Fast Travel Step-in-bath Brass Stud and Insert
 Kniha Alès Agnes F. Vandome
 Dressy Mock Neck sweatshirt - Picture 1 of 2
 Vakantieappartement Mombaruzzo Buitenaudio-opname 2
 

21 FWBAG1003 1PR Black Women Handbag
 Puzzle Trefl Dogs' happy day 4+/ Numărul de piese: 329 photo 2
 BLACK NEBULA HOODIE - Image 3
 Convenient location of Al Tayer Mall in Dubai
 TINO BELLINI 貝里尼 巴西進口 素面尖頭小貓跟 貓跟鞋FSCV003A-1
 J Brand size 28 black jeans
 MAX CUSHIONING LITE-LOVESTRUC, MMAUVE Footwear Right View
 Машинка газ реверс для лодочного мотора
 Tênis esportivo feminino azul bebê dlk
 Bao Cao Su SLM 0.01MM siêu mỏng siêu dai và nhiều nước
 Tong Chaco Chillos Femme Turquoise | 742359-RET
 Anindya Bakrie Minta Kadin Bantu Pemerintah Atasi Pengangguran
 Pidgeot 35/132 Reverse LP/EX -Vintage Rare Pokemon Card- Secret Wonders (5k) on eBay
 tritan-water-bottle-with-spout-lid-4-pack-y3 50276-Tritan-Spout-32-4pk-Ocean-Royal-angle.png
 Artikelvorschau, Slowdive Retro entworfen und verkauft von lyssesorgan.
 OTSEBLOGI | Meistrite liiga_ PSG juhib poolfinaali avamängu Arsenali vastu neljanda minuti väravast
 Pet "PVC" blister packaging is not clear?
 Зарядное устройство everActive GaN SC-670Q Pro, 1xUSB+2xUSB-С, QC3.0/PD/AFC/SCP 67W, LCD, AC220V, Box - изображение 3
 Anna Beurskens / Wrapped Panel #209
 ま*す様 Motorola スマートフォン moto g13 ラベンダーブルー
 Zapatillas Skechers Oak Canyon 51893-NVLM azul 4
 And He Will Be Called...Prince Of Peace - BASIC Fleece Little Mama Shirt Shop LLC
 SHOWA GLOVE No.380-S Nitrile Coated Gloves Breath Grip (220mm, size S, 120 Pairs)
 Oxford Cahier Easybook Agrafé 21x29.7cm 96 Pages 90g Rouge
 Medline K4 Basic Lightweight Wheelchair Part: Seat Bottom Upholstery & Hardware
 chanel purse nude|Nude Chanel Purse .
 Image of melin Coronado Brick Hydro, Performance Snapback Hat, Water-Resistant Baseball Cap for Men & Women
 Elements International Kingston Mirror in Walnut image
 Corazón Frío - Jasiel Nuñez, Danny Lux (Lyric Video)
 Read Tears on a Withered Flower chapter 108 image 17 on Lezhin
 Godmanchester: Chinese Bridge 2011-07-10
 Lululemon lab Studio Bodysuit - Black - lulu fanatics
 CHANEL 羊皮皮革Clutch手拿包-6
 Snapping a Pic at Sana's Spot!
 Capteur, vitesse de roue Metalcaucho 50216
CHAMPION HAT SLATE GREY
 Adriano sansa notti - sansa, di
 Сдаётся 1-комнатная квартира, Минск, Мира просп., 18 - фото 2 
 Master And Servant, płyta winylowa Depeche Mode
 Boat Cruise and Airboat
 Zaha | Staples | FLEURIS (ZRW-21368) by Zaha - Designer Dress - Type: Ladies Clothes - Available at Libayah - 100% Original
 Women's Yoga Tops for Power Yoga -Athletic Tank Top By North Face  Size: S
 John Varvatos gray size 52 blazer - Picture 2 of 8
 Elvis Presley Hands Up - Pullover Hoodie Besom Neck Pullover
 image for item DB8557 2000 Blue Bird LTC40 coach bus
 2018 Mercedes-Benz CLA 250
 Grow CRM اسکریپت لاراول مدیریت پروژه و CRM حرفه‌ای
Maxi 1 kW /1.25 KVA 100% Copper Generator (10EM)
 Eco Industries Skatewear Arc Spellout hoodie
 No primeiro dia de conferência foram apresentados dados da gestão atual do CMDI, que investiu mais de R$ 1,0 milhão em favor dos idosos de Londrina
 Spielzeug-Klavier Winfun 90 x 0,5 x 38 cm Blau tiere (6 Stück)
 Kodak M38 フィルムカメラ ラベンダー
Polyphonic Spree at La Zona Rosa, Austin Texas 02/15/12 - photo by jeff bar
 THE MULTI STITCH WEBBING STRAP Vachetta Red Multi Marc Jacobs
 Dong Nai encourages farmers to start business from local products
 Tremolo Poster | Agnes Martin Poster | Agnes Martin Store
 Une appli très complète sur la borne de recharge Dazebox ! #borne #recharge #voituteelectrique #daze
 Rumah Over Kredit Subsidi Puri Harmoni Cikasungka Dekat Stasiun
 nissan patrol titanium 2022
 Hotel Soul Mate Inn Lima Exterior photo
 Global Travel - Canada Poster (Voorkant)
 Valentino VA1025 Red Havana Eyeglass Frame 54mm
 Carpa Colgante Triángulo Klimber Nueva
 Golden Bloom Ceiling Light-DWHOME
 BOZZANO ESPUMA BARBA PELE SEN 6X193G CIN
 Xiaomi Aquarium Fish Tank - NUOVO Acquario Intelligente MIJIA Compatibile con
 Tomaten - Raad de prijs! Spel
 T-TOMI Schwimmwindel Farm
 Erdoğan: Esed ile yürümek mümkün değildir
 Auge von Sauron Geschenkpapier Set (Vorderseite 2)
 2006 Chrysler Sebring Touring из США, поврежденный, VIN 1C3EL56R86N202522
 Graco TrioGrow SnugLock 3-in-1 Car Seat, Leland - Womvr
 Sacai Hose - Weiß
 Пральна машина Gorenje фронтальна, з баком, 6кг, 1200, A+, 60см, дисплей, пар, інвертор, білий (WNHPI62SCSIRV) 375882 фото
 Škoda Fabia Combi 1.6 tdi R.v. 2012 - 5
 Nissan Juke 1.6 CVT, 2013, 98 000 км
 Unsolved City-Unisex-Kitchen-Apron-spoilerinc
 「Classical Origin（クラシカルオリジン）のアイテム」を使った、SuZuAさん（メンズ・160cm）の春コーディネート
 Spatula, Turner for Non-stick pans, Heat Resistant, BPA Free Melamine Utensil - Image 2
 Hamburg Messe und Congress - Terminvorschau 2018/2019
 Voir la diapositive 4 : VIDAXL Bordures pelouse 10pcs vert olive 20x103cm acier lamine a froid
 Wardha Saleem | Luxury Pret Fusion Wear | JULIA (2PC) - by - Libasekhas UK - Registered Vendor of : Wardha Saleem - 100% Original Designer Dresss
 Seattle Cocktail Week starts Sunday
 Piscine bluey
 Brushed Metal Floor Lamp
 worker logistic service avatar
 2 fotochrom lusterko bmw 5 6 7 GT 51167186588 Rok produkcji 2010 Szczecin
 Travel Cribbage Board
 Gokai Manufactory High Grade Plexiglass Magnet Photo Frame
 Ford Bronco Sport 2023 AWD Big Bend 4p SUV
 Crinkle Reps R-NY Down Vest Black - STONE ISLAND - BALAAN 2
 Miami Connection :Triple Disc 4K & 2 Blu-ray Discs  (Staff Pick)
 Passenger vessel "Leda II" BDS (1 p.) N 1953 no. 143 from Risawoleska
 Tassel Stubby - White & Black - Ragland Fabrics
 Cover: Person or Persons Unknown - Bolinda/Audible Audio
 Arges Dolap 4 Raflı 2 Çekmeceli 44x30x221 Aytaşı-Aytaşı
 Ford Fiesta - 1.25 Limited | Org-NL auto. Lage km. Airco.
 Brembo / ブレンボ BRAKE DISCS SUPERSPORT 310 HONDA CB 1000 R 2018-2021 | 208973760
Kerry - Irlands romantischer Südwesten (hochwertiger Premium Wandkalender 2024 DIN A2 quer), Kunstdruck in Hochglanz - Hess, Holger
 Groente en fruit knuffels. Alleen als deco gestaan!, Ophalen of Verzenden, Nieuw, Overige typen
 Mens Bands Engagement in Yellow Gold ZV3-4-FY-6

▶ Task objective: Among the entries above, the lines between the ones containing "Maxi 1 kW /1.25" and "Piscine bluey", inclusive, are to be transcribed exactly. No other line is to be given.

▶ Solution to this task:
Maxi 1 kW /1.25 KVA 100% Copper Generator (10EM)
 Eco Industries Skatewear Arc Spellout hoodie
 No primeiro dia de conferência foram apresentados dados da gestão atual do CMDI, que investiu mais de R$ 1,0 milhão em favor dos idosos de Londrina
 Spielzeug-Klavier Winfun 90 x 0,5 x 38 cm Blau tiere (6 Stück)
 Kodak M38 フィルムカメラ ラベンダー
Polyphonic Spree at La Zona Rosa, Austin Texas 02/15/12 - photo by jeff bar
 THE MULTI STITCH WEBBING STRAP Vachetta Red Multi Marc Jacobs
 Dong Nai encourages farmers to start business from local products
 Tremolo Poster | Agnes Martin Poster | Agnes Martin Store
 Une appli très complète sur la borne de recharge Dazebox ! #borne #recharge #voituteelectrique #daze
 Rumah Over Kredit Subsidi Puri Harmoni Cikasungka Dekat Stasiun
 nissan patrol titanium 2022
 Hotel Soul Mate Inn Lima Exterior photo
 Global Travel - Canada Poster (Voorkant)
 Valentino VA1025 Red Havana Eyeglass Frame 54mm
 Carpa Colgante Triángulo Klimber Nueva
 Golden Bloom Ceiling Light-DWHOME
 BOZZANO ESPUMA BARBA PELE SEN 6X193G CIN
 Xiaomi Aquarium Fish Tank - NUOVO Acquario Intelligente MIJIA Compatibile con
 Tomaten - Raad de prijs! Spel
 T-TOMI Schwimmwindel Farm
 Erdoğan: Esed ile yürümek mümkün değildir
 Auge von Sauron Geschenkpapier Set (Vorderseite 2)
 2006 Chrysler Sebring Touring из США, поврежденный, VIN 1C3EL56R86N202522
 Graco TrioGrow SnugLock 3-in-1 Car Seat, Leland - Womvr
 Sacai Hose - Weiß
 Пральна машина Gorenje фронтальна, з баком, 6кг, 1200, A+, 60см, дисплей, пар, інвертор, білий (WNHPI62SCSIRV) 375882 фото
 Škoda Fabia Combi 1.6 tdi R.v. 2012 - 5
 Nissan Juke 1.6 CVT, 2013, 98 000 км
 Unsolved City-Unisex-Kitchen-Apron-spoilerinc
 「Classical Origin（クラシカルオリジン）のアイテム」を使った、SuZuAさん（メンズ・160cm）の春コーディネート
 Spatula, Turner for Non-stick pans, Heat Resistant, BPA Free Melamine Utensil - Image 2
 Hamburg Messe und Congress - Terminvorschau 2018/2019
 Voir la diapositive 4 : VIDAXL Bordures pelouse 10pcs vert olive 20x103cm acier lamine a froid
 Wardha Saleem | Luxury Pret Fusion Wear | JULIA (2PC) - by - Libasekhas UK - Registered Vendor of : Wardha Saleem - 100% Original Designer Dresss
 Seattle Cocktail Week starts Sunday
 Piscine bluey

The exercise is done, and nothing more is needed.